Ivan mengatakan, banyak orang berprinsip salah terkait berbahasa yang benar. “Banyak orang menyatakan yang terpenting pesan yang disampaikan dimengerti. Orang lupa kalau sesuatu disampaikan dengan benar dan indah, orang lain juga akan memahami dengan benar. Ini memang masalah mentalitas, yaitu usaha lebih keras untuk berbahasa yang benar,” ujarnya.
Ivan membandingkan sikap penutur bahasa Indonesia yang bisa mengikuti kaidah ketat saat berbahasa asing. Seharusnya, hal sama diterapkan dalam berbahasa Indonesia karena setiap bahasa punya kaidah.
Bahasa Indonesia yang benar adalah penggunaan bahasa, terutama dalam forum formal yang sesuai dengan kaidah ketatabahasaan, seperti kata baku dan penggunaan serapan bahasa asing.
Menurut Ivan, generasi milenial harus membiasakan diri menggunakan bahasa Indonesia yang benar. Selain sebagai bentuk penghargaan terhadap kekayaan Nusantara, penguasaan terhadap bahasa juga bisa menjadi profesi, contohnya penulis dan wartawan.

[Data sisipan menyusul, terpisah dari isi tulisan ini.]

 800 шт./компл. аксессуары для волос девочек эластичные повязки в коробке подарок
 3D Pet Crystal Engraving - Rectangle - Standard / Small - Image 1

Dengan perkembangan teknologi yang pesat saat ini, tak sulit mengasah kemampuan berbahasa yang benar. Saat ini, kamus bahasa Indonesia tersaji dalam bentuk digital sehingga mudah untuk mencari acuan.
Peran media
Sementara itu, menurut Apolonius, media massa berperan dalam menciptakan dan memperbaiki bahasa. Ia mencontohkan, pada tahun 2009, harian Kompas menciptakan istilah “petahana” sebagai padanan incumbent. Kata tersebut lalu diterima sebagai kosakata baru.
Media massa juga berfungsi memperbaiki salah kaprah bahasa dalam masyarakat. Contohnya, selama ini pedestrian dipahami sebagai jalur pejalan kaki atau trotoar. Padahal, kata serapan tersebut artinya pejalan kaki. Media harus membetulkannya.
Ajang MIWF diselenggarakan untuk kedelapan kalinya tahun ini. Ajang yang berlangsung 2-5 Mei tersebut mempertemukan pegiat literasi, penulis, dan sastrawan utuk berdiskusi dan berbagai pengalaman. Tak hanya penulis dari dalam negeri, penulis luar negeri pun turut mengambil bagian.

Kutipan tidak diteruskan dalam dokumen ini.